Apple’s Liquid Glass: Impressive but Distracting
Apple’s new liquid glass UI is unlike anything else we’ve seen in mainstream design. It brings a real-world physicality to digital screens-textures that feel alive, refractions that shift as you move, and a sense of depth that makes glass look like glass. On the surface, it’s undeniably impressive. But as someone who spends every day thinking about usability, I couldn’t help noticing the cost that comes with this kind of innovation.
For users, beauty isn’t always the same as clarity. The shimmering refractions and layers of polish add cognitive load. Instead of helping you find what matters, they sometimes pull your attention in multiple directions at once. What should feel fluid starts to feel overwhelming. I personally felt this when trying to focus on simple actions-the background effects demanded more attention than the content itself.
For designers and developers, the challenge is even sharper. Liquid glass doesn’t just introduce a new aesthetic-it reshapes how we think about hierarchy, contrast, and even interaction models. Guidelines are still unclear, and every app has to decide how far to lean into the effect without sacrificing accessibility and ease of use. Until those patterns mature, the work feels experimental and uneven.
Here are a few trade-offs worth watching as this design language evolves:
- Accessibility can suffer when form outweighs function-especially for users with vision or cognitive differences.
- Consistency across apps may take years, leaving users adjusting to fragmented experiences.
- Developers face a steeper learning curve to implement visuals that meet performance and usability standards.
- Cognitive load increases when effects compete with content instead of supporting it.

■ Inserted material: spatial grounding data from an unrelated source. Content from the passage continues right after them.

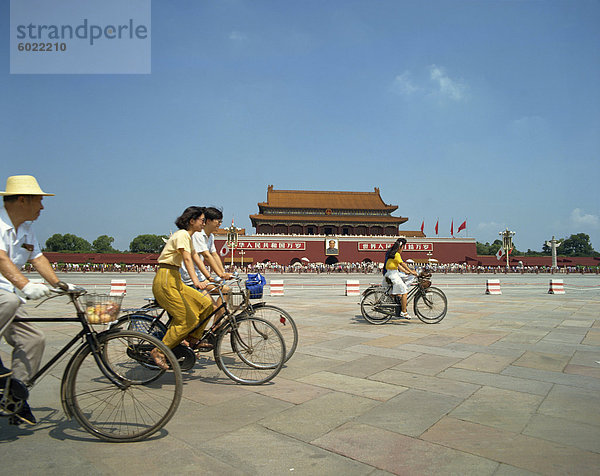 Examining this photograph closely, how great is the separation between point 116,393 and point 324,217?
50.0 metres

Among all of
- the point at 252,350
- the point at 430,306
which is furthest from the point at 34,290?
the point at 430,306

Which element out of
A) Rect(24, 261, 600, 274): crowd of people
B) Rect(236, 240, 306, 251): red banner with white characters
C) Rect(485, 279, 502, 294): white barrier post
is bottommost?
Rect(24, 261, 600, 274): crowd of people

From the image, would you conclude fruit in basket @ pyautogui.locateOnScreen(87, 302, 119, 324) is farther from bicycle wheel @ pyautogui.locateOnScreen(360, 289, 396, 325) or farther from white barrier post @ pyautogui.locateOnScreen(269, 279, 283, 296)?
white barrier post @ pyautogui.locateOnScreen(269, 279, 283, 296)

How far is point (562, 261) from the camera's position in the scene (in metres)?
54.0

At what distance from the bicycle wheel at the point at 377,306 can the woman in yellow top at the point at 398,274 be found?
0.59ft

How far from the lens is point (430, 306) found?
7273 mm

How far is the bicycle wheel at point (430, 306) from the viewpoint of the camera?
7300 mm

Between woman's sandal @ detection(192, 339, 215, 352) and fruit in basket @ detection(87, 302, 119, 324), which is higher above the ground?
fruit in basket @ detection(87, 302, 119, 324)

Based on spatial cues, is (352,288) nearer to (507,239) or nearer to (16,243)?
(16,243)

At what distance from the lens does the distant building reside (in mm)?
52094

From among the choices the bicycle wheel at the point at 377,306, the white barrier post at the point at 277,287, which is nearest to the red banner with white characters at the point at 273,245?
the white barrier post at the point at 277,287

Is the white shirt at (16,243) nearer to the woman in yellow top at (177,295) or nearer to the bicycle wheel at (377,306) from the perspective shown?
the woman in yellow top at (177,295)

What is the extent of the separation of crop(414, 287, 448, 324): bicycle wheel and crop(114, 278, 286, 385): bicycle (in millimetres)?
4024

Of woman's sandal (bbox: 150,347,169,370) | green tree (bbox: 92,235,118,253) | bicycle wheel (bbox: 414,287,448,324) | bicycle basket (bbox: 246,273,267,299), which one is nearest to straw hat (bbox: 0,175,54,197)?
woman's sandal (bbox: 150,347,169,370)
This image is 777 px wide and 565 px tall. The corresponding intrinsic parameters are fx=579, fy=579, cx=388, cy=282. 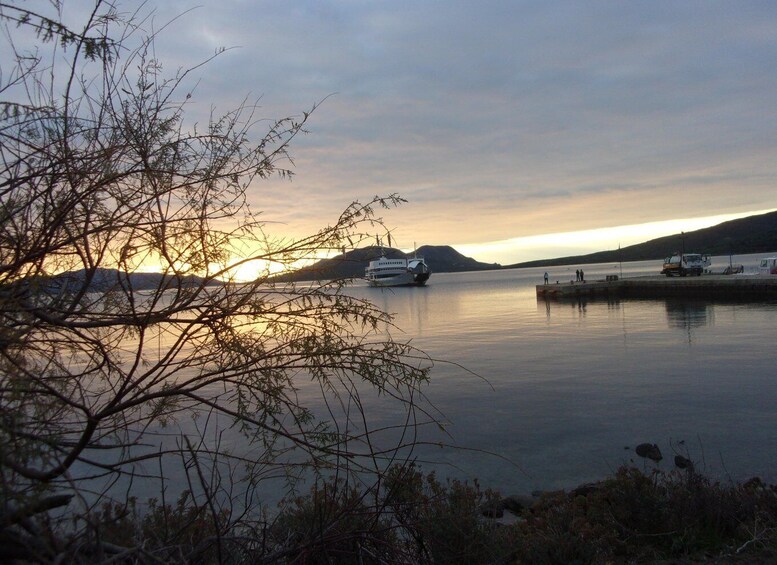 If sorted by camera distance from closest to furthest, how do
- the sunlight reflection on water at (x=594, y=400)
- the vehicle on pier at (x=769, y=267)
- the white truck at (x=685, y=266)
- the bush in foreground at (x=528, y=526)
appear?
the bush in foreground at (x=528, y=526)
the sunlight reflection on water at (x=594, y=400)
the vehicle on pier at (x=769, y=267)
the white truck at (x=685, y=266)

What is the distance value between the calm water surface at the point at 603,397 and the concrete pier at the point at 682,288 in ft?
45.0

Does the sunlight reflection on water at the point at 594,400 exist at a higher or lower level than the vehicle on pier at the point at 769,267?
lower

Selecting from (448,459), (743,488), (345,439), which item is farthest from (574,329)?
(345,439)

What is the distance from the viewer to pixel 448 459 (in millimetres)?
12086

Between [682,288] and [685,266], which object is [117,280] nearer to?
[682,288]

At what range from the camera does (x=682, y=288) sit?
55.9 m

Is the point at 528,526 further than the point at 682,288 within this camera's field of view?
No

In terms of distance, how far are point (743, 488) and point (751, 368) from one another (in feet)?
50.1

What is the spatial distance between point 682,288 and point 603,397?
44264 millimetres

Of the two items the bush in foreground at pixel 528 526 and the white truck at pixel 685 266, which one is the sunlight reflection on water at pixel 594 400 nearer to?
the bush in foreground at pixel 528 526

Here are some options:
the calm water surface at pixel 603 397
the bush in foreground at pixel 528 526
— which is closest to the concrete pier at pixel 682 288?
the calm water surface at pixel 603 397

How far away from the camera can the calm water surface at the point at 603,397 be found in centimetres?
1159

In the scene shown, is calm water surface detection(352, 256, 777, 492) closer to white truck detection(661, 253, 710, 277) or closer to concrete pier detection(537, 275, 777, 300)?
concrete pier detection(537, 275, 777, 300)

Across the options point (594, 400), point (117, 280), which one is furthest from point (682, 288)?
point (117, 280) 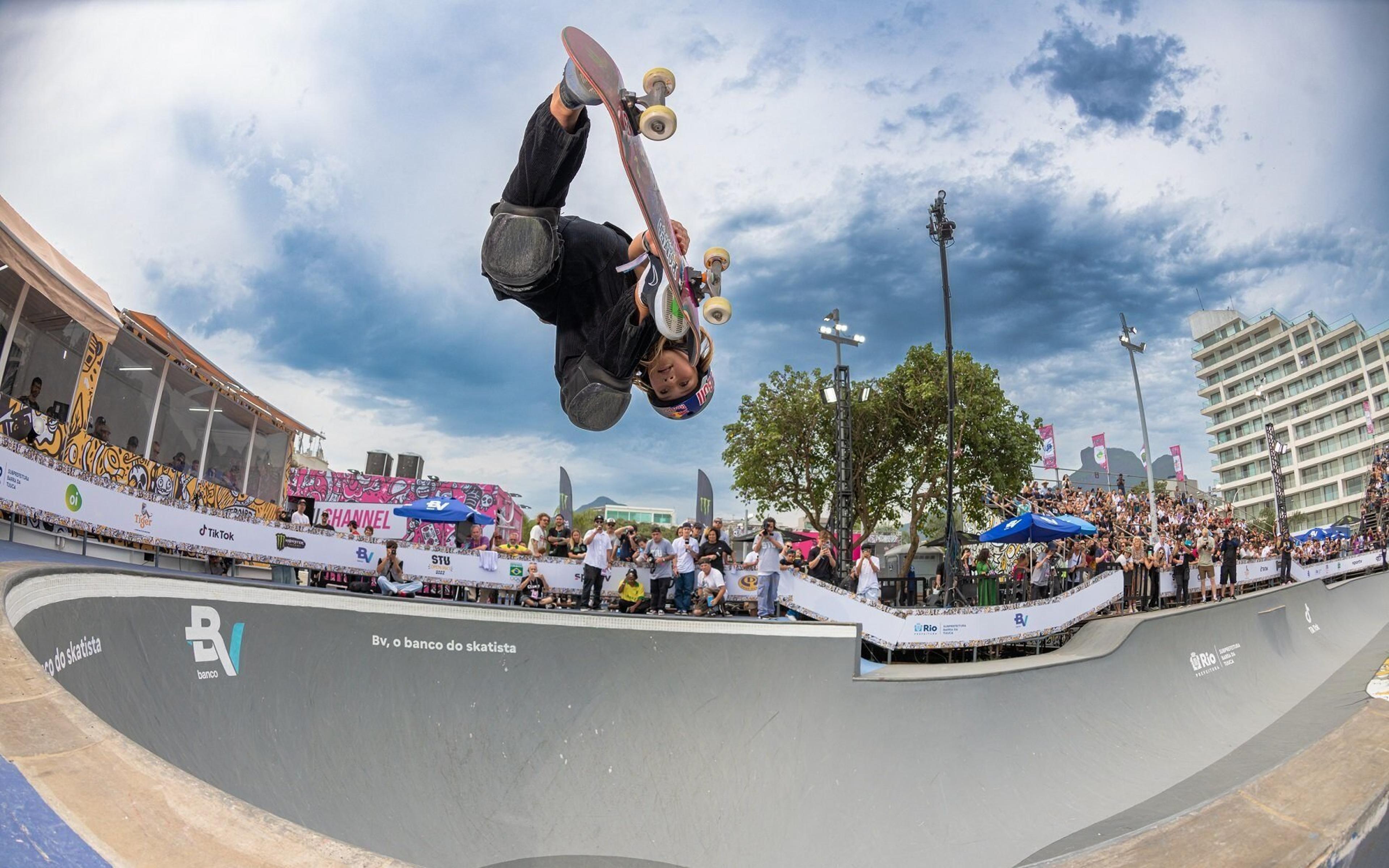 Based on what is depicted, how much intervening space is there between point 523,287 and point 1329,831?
312 centimetres

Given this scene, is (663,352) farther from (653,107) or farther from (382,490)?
(382,490)

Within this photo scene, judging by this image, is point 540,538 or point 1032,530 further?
point 1032,530

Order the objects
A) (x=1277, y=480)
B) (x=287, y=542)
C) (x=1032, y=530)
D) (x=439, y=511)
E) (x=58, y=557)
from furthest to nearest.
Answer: (x=1277, y=480) → (x=439, y=511) → (x=1032, y=530) → (x=287, y=542) → (x=58, y=557)

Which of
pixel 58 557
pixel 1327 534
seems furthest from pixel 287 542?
pixel 1327 534

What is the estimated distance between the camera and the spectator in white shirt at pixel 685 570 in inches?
403

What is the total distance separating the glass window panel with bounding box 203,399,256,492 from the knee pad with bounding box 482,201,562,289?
570 inches

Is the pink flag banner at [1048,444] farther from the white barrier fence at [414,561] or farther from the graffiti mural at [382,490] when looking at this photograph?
the graffiti mural at [382,490]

The truth is, whether you like it or not, users are forced to adapt. Apple has the scale to make this design language a default, and that means millions of people will learn to live with it-warts and all. Some will love the novelty, others will quietly wish for something simpler. As designers, the lesson isn’t to copy blindly, but to observe carefully: which parts of this push visual design forward, and which create friction that could have been avoided?
Personally, I’m waiting to see how liquid glass evolves. Right now, it feels like an impressive showcase of what’s possible, but not yet what’s practical. If you’ve felt the same strain I did, remember-you’re not alone. Sometimes what looks magical on stage feels heavy in real use. That’s the gap good design still has to close.